_Work order_
Output only the line that contains "Com extensa faixa" and the lines after it, all verbatim, through the last one below.

*** Data provided Section Begins ***

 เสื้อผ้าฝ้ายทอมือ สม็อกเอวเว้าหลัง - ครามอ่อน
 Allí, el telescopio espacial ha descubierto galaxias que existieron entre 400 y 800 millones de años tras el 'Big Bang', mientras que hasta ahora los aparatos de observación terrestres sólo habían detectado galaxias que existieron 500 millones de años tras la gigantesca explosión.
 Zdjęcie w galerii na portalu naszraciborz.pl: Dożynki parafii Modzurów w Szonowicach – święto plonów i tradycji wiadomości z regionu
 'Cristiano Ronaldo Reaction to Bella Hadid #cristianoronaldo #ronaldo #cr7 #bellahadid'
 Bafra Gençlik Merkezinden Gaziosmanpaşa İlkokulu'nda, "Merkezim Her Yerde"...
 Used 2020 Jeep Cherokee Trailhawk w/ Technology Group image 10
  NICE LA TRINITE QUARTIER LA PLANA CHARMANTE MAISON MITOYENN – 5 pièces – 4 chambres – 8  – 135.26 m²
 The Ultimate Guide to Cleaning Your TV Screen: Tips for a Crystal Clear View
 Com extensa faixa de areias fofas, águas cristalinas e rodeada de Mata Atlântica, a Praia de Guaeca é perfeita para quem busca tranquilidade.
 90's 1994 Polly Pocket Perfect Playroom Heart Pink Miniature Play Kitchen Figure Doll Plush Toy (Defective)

*** Data provided Section Ends ***

_Result of this exercise_
 Com extensa faixa de areias fofas, águas cristalinas e rodeada de Mata Atlântica, a Praia de Guaeca é perfeita para quem busca tranquilidade.
 90's 1994 Polly Pocket Perfect Playroom Heart Pink Miniature Play Kitchen Figure Doll Plush Toy (Defective)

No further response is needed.